Selon M. Hosseini, « on construit aujourd'hui sur des sols faibles, c'est-à-dire sur des sols qui étaient jugés inutilisables jusqu'à maintenant, c'est pourquoi il y a beaucoup plus de problèmes qu'avant. » En conséquence, « il faut toujours demander une étude géotechnique, dont le rôle est de fournir le niveau le plus critique de la nappe phréatique pour la conception d'un ouvrage. Ce genre d'étude n'est pas cher, c'est son interprétation qui est plus coûteuse. » Un rapport de 1997 révèle que
93 % des quelque 250 cas recensés de dommages à des fondations résultent d'une méconnaissance des sols, contre 7 % de mauvaises pratiques de construction. Et selon cette étude, 8 % des problèmes de fondations proviennent de constructions érigées sur des remblais hétérogènes faits de matériaux impropres ou peu compactés.

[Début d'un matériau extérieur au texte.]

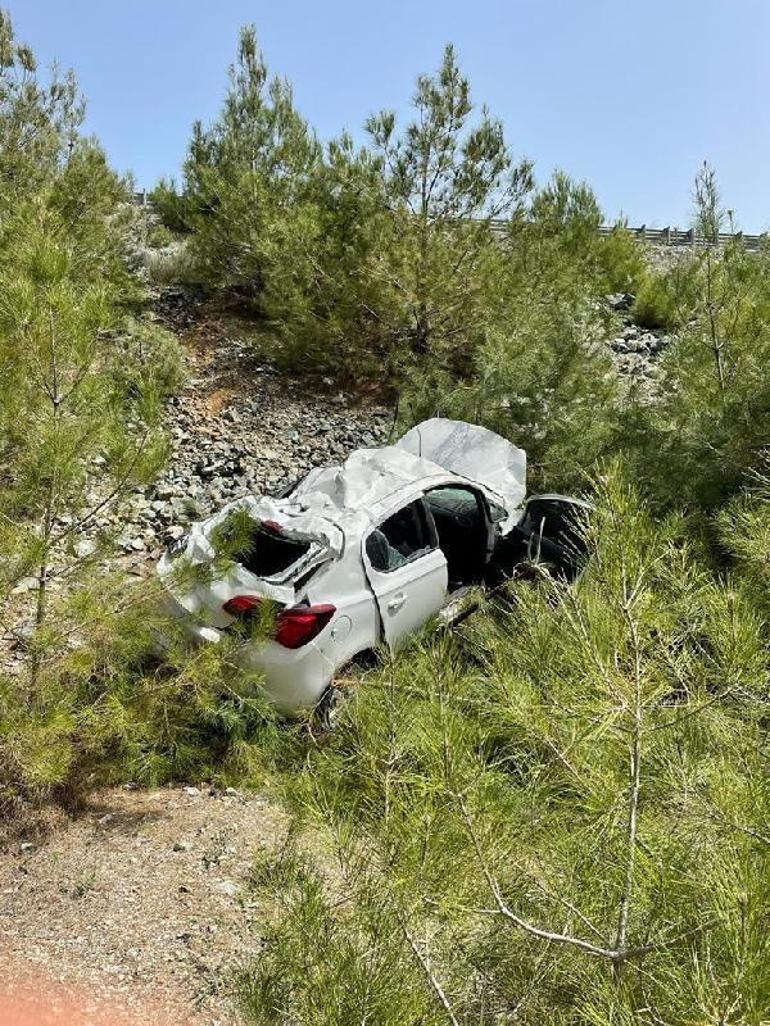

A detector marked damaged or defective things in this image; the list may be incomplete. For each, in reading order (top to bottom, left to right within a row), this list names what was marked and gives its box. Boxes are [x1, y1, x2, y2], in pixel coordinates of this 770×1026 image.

wrecked white car [158, 416, 591, 722]
shattered car window [367, 500, 435, 574]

Depuis 1980, on note à Montréal, sur le Plateau Mont-Royal en particulier, beaucoup de problèmes de lézardement des fondations à cause des arbres... Dans un sol argileux, l'arbre pompe l'eau dans l'argile et il se produit un assèchement du sol causant un affaissement différentiel là où il y a des arbres3. Ces problèmes n'existent pas avec des sols en sable par exemple. M. Hosseini insiste : « si la construction d'une maison, même légère, ne respecte pas certaines règles de géotechnique, on pourra assister à la fissuration et aux mouvements des murs de fondation. »

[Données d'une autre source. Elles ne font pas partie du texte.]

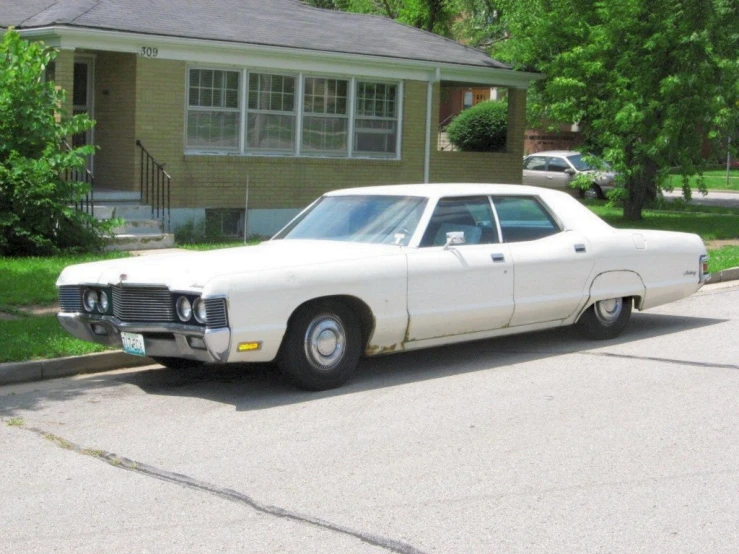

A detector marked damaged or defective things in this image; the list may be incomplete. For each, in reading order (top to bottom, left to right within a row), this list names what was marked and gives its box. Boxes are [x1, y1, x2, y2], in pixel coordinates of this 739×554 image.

On connaît le médecin légiste, mais l'ingénieur légiste lui est moins connu du public. Et même, selon M. Hosseini, certains ingénieurs et d'autres professionnels ne connaissent pas adéquatement les devoirs spécifiques et les qualifications essentielles d'un ingénieur légiste. Ce dernier effectue des autopsies sur des ouvrages déficients tels que des ponts, bâtiments, barrages, routes, pentes naturelles ou artificielles ou tout autre ouvrage de génie civil afin de déterminer les causes de leurs défauts observés. Il travaille selon l'un de deux modes d'expertise, habituellement choisi par les parties, soit l'expertise dite coopérative dans laquelle toutes les parties s'entendent pour travailler ensemble, soit l'expertise dite adversaire dans laquelle chaque partie conduit sa propre expertise avec des objets différents.
1 De Logeais (1971).
2 Cette statistique ne comprend pas le lézardement des bâtiments construits sur les sols argileux causés par l'assèchement des argiles par l'activité botanique des arbres.
3 Daoust c. Montréal (Ville de), 500-05-019333-911, 5 mars 1997.